Choosing the Best Apples
For canned pie filling, you want apples that stay firm when cooked, with enough acidity to balance the sugar. Good types include:
- Honeycrisp
- Golden Delicious
- Granny Smith
- Braeburn
- Jonagold
Avoid apples labeled as “great for applesauce” only, as they break down quickly and give you a mushy filling rather than nice slices.
Basic Apple Pie Filling Formula (Per Quart Jar)
This is a per-quart guide so you can scale the recipe up or down, based on the number of jars you want.
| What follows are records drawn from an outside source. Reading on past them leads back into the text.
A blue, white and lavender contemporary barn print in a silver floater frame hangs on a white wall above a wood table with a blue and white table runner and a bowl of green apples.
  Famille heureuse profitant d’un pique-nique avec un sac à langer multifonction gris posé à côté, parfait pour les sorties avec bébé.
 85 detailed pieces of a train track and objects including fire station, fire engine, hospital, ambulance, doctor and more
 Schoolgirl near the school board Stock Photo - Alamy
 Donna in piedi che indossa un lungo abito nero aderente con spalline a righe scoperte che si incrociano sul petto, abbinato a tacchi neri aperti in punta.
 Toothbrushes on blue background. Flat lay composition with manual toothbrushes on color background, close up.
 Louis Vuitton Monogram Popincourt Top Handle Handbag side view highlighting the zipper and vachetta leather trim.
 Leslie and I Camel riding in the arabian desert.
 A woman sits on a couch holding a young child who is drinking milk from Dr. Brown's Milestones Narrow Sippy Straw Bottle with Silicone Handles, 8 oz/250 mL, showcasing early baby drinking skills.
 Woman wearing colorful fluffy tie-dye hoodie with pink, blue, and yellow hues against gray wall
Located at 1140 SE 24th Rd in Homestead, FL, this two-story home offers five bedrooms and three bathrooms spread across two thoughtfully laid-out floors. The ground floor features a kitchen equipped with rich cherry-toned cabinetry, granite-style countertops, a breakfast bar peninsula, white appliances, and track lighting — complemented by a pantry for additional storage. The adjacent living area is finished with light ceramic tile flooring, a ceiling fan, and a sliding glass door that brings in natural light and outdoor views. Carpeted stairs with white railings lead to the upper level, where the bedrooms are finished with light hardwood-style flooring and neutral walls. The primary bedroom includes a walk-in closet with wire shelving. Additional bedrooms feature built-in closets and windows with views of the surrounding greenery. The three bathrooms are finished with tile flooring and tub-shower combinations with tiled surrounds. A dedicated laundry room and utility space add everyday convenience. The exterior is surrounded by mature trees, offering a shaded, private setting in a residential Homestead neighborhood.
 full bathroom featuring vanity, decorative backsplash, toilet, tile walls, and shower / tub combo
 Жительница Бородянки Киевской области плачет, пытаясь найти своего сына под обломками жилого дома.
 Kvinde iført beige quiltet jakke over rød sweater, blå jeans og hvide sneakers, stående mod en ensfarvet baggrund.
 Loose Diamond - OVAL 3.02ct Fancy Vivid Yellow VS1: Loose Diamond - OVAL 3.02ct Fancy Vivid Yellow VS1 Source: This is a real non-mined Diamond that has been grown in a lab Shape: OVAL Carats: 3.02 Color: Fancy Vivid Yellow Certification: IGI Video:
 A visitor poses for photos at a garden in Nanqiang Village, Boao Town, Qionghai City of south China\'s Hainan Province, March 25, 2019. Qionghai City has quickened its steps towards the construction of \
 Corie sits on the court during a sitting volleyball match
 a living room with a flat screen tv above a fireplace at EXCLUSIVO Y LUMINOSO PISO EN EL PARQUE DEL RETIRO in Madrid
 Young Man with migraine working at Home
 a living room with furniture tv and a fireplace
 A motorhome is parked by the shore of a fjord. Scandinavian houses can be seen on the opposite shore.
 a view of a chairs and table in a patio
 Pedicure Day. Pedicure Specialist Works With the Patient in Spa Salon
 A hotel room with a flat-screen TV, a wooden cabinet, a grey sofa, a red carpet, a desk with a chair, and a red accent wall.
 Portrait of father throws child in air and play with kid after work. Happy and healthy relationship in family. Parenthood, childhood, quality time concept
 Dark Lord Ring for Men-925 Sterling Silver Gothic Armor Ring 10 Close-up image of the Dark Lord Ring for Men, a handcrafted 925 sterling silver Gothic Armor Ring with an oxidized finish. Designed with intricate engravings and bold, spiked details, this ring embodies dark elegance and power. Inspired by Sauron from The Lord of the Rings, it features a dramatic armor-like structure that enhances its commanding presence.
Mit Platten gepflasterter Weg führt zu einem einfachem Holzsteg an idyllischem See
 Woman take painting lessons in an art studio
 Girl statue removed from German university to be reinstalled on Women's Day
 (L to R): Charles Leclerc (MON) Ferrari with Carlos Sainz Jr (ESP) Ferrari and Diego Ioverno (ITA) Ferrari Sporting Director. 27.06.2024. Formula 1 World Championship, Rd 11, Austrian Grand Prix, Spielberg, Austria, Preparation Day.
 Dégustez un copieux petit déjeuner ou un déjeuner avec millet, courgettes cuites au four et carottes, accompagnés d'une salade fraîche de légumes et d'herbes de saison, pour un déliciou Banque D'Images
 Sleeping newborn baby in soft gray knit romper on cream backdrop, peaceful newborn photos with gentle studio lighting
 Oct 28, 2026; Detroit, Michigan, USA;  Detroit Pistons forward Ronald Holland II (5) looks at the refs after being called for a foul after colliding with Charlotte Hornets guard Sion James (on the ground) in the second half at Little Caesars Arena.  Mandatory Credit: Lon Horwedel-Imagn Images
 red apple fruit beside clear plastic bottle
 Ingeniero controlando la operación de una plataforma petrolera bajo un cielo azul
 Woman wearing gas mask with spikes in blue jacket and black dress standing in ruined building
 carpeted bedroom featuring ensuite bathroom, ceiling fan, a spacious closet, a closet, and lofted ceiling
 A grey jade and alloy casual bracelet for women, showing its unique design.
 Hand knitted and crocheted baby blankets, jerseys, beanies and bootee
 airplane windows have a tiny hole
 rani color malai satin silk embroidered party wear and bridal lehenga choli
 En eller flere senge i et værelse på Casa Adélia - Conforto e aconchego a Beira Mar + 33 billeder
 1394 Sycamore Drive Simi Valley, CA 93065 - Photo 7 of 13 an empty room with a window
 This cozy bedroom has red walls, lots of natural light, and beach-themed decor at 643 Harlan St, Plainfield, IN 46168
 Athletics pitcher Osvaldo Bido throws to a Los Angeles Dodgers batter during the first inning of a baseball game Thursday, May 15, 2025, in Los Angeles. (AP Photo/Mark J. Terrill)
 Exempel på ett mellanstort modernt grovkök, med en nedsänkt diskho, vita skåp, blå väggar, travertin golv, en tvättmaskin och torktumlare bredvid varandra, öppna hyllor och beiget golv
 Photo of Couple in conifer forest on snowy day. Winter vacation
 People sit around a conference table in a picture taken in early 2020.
It follows proportions similar to tested home-canning recipes for safety.
Per 1 quart of pie filling (about enough for part of one pie):
- 3½ cups blanched, sliced apples
- ¾ cup sugar (you can slightly reduce or increase to taste)
- ¼ cup Clear Jel® (cook type)
- ½ cup water
- ¾ cup apple juice
- 2 tablespoons bottled lemon juice (not fresh – for consistent acidity)
- ½ teaspoon cinnamon (optional)
- Pinch of nutmeg (optional)
To fill a standard 9-inch pie generously, you’ll usually need around 2 quarts of filling.
💡 Tip: It’s often easiest to make a big batch for 7 quarts at once (a common canner load). Just multiply everything by 7.
Equipment You’ll Need
- Water-bath canner (or a deep pot with a rack and lid)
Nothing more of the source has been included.